Ryan and his team set up the Global Outbreak Alert and Response Network of 126 institutions across the globe. Its experts can be despatched to the field, where they work together with WHO staff from regional offices and headquarters to stem any outbreaks.
Before WHO and other subscribers receive the reports from GPHIN, these have been screened by a team of eight public health specialists in Canada.
The SHOC was opened in May 2004 with funding from the United States. After the death of WHO's Director-General Dr LEE Jong-wook in May 2006, it was renamed the JW Lee Centre for Strategic Health Operations.
A new version, GPHIN II, which went live in 2002, scans newsfeeds in the four other official United Nations languages Arabic, Chinese, Russian and Spanish in addition to English and French, as well as in Farsi. A Portuguese service is in the pipeline. As well as WHO, other public health institutions and many governments subscribe to the GPHIN service.
The toughest test for WHO's outbreak response was the emergence of a new disease, severe acute respiratory syndrome (SARS), in 2003. "WHO was able to mount an international response despite a very low budget and a small team," said Heymann.
Although WHO is widely credited with its role in coordinating global containment, Grein said the response was not easy as WHO was overstretched due to the global scale of the problem. At the time, email was the main means of communication between country offices and headquarters. "SARS was a nightmare," said Grein, recalling how thousands of emails flew around the world in an uncoordinated way.
Then, as now, WHO relies on Member States to confirm reports from GPHIN and other sources on disease outbreaks. But at the time of the SARS outbreak, Member States were only required to notify WHO of yellow fever, cholera and plague outbreaks under the International Health Regulations (IHR).
After SARS, it was clear to governments that the rules needed to be updated, something WHO Member States had already agreed to do in the mid-1990s. A revised version was developed and in May 2005 approved by the World Health Assembly.
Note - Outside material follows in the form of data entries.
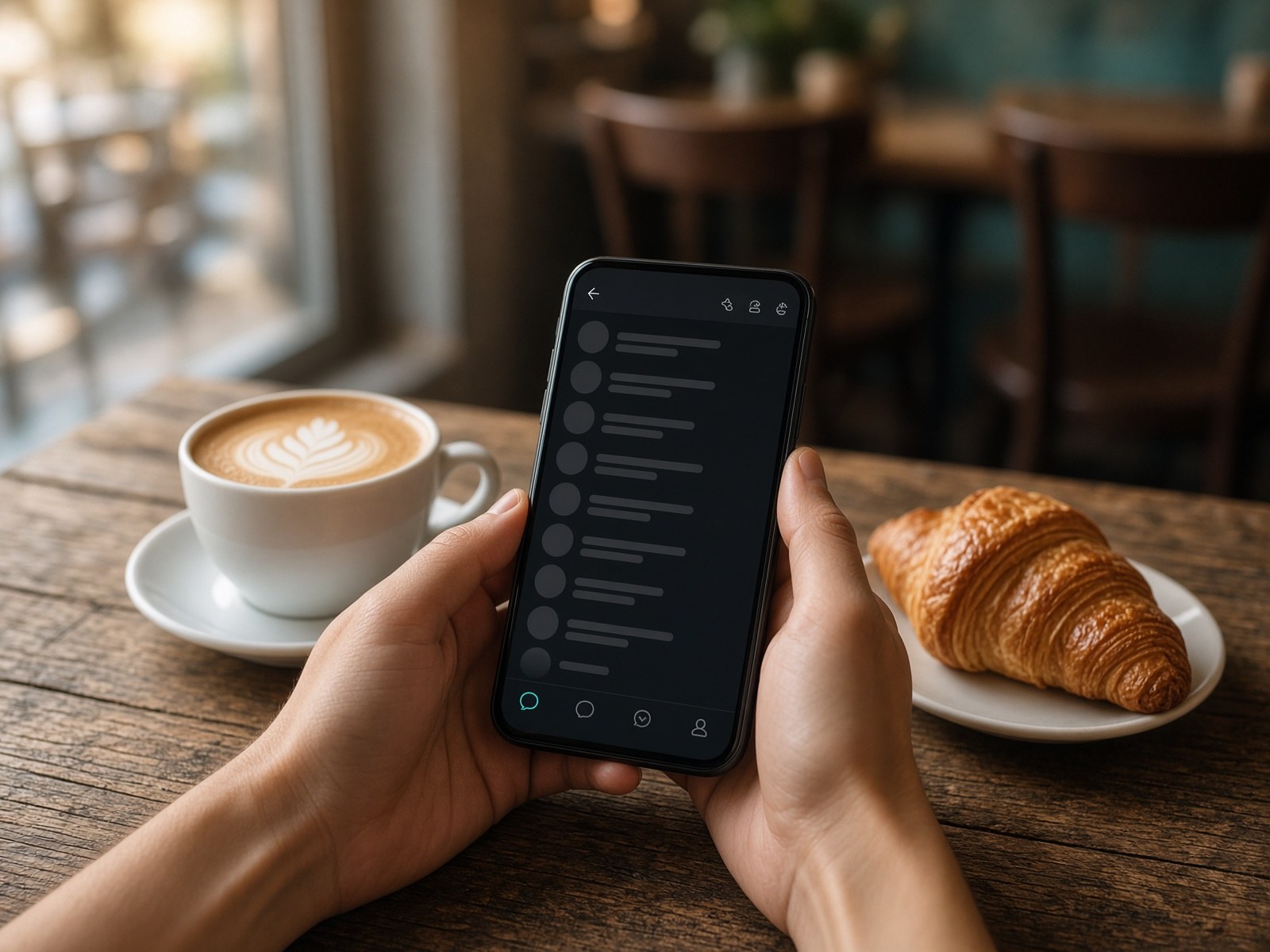 Manos sosteniendo un teléfono en un café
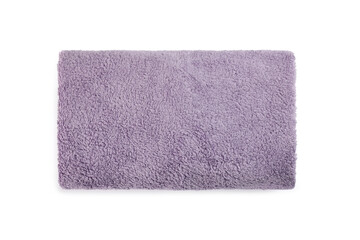 Soft light purple terry towel isolated on white, top view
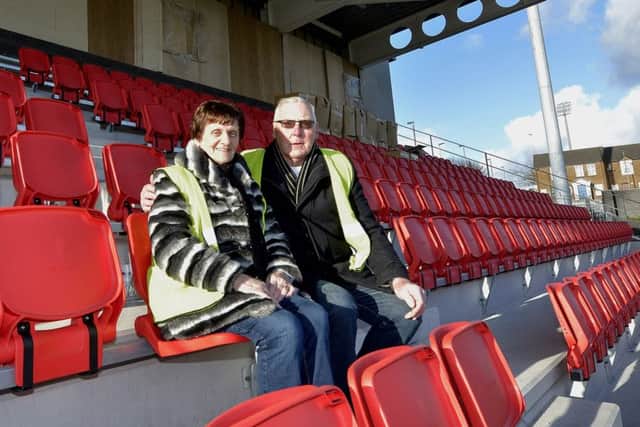 Mark Farren parents Kathleen and Michael sit for the first time in the new stand at Brandywell Stadium, named in honour of their late son.  DER0618GS015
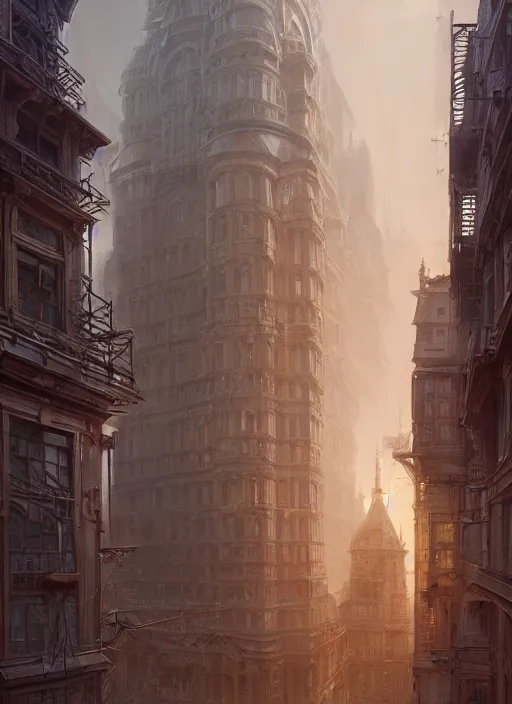 Image similar to a building with architecture never seen before by peter kuczia, very detailed, intricate details, complimentary colors, perfect lighting, perfect composition, aesthetic, masterpiece, award winning, artstation, darek zabrocki, greg rutkowski, artgerm, 4 k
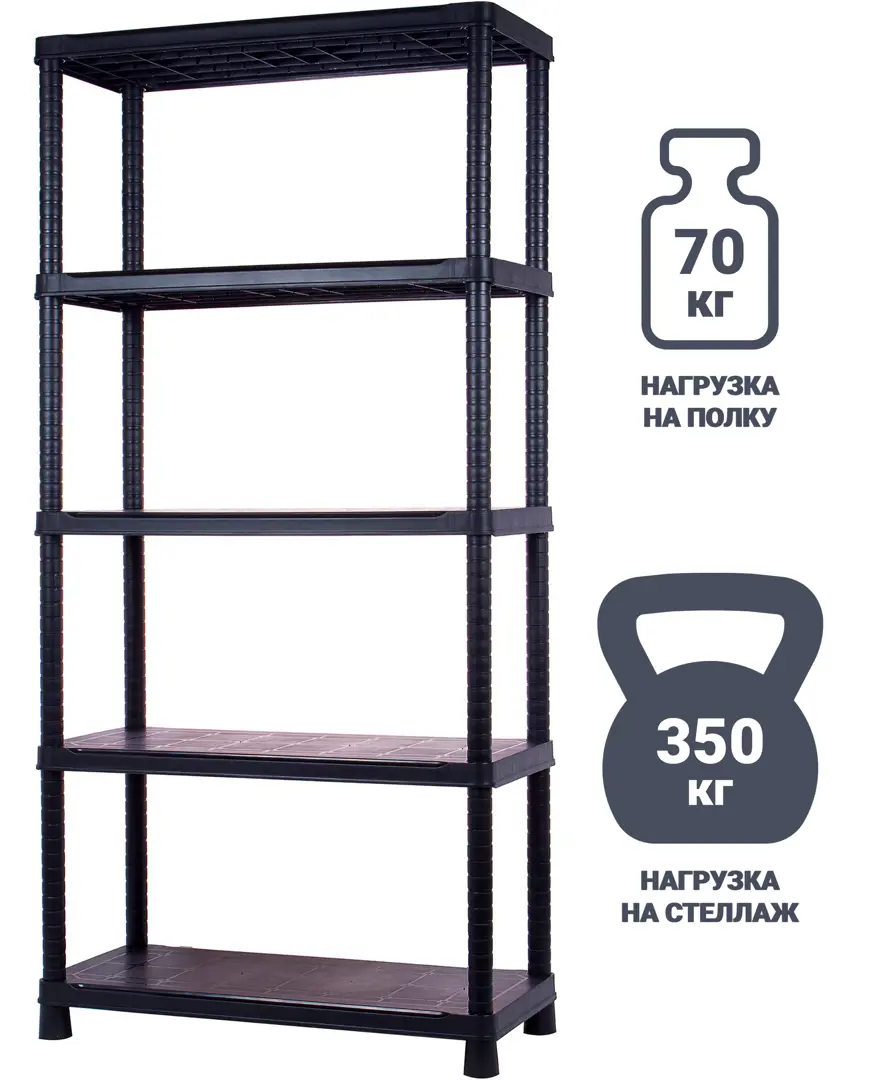 Стеллаж Optimus 90x187x40 см 5 полок пластик цвет чёрный нагрузка на полку до 70 кг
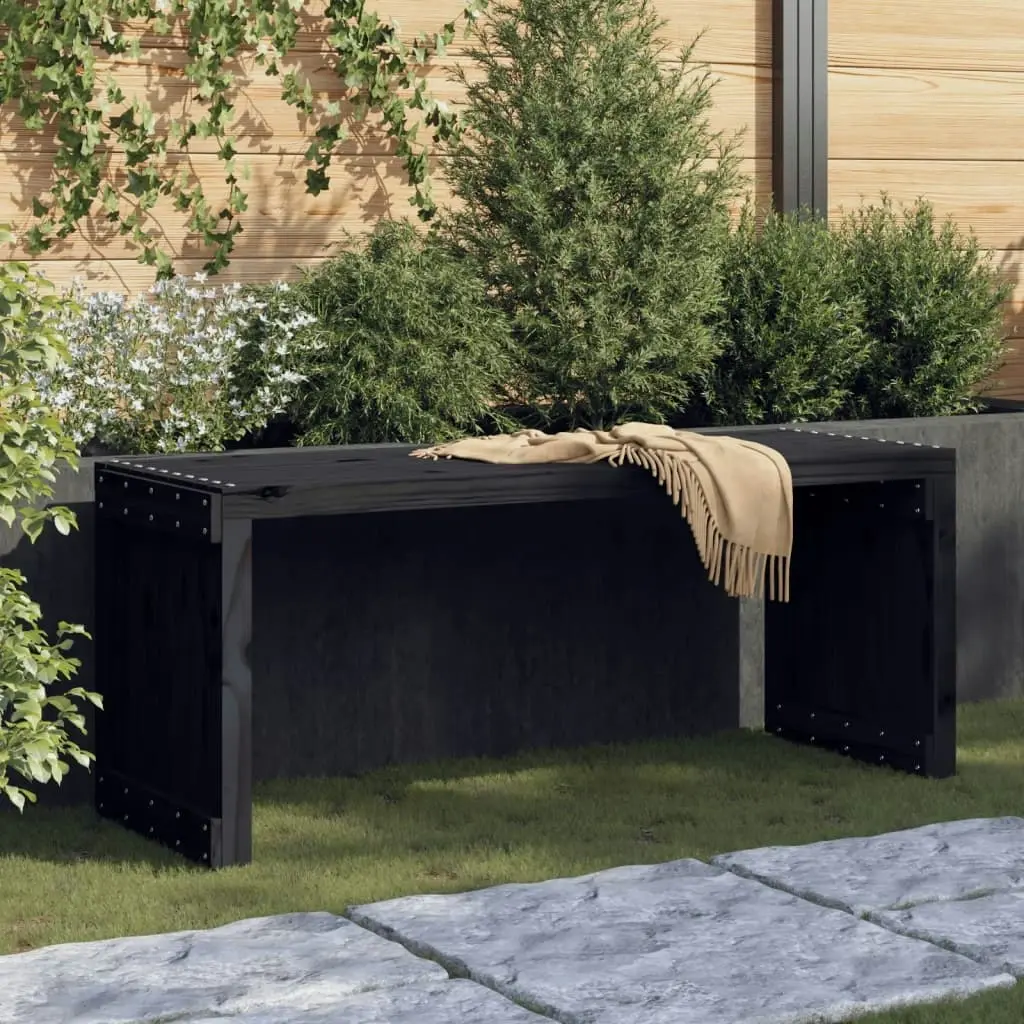 Garden Bench Extendable Black 212.5x40.5x45 cm Solid Wood Pine 832527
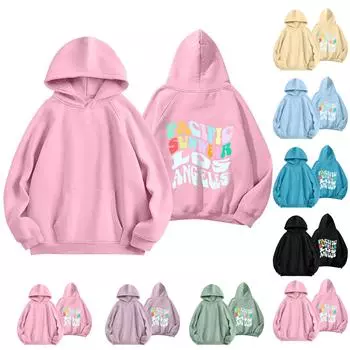 Женская толстовка с цветными блоками, повседневная удобная свободная легкая женская толстовка с длинным рукавом и круглым вырезом M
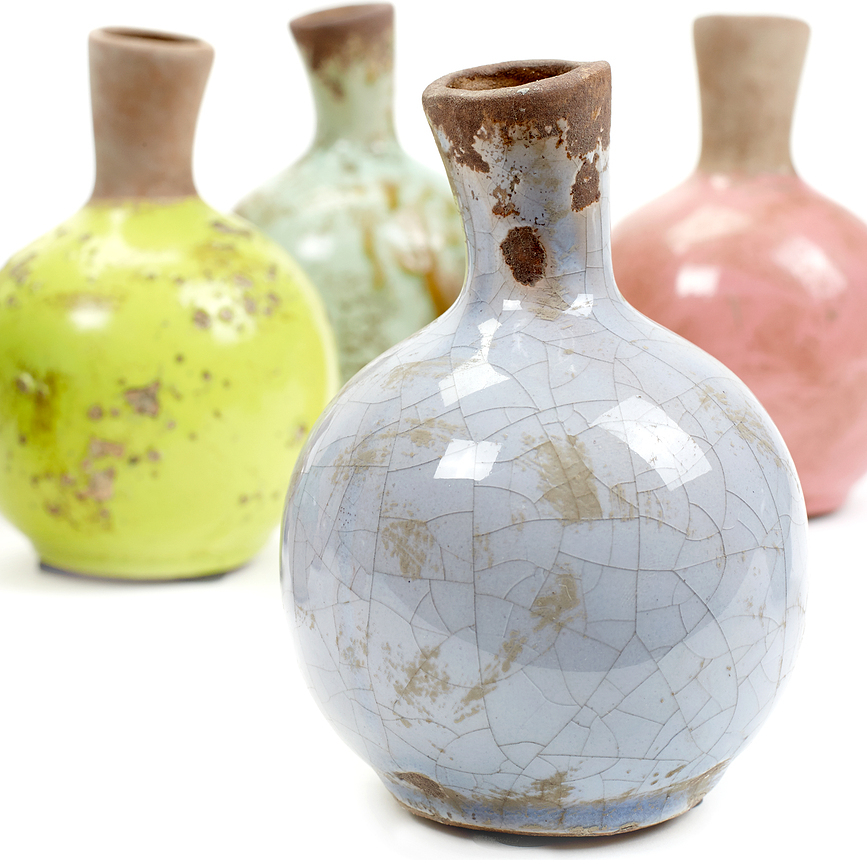 Pastels Vases, 12 cm, Lot de 10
The revised IHR (2005) require governments to report public health threats, in particular disease outbreaks and natural disasters, that could have an international dimension known as public health emergencies of international concern or PHEIC pronounced "phake". Health threats can also include chemical and nuclear accidents, laboratory accidents and bioterrorism.
Before IHR (2005), compliance was voluntary. Once the regulations come into force in June 2007, they will be legally binding. WHO's primary role is to support countries and maintain global health security through its global surveillance and response activities.
WHO is also charged with monitoring compliance of Member States. While there is no enforcement mechanism, there are strong incentives to comply.
"WHO cannot be both physician and police force. If we are perceived as the policeman, doors will be closed," said Rodier. "Countries will comply because of a sense of global solidarity in the face of a common threat, but also they will comply because they prefer to maintain a good image and look responsible".
WHO is producing a new version of its global event management system to improve internal communications. This system would store the reports from GPHIN and other sources in a globally accessible database, and streamline internal WHO communications.
To tackle a major outbreak, such as an influenza pandemic, everyone at WHO headquarters, the regional and country offices will need to work together. "We are certainly not a military institution, but we need to learn from the military about operations, logistics and to some extent discipline. We must act as one," Rodier said.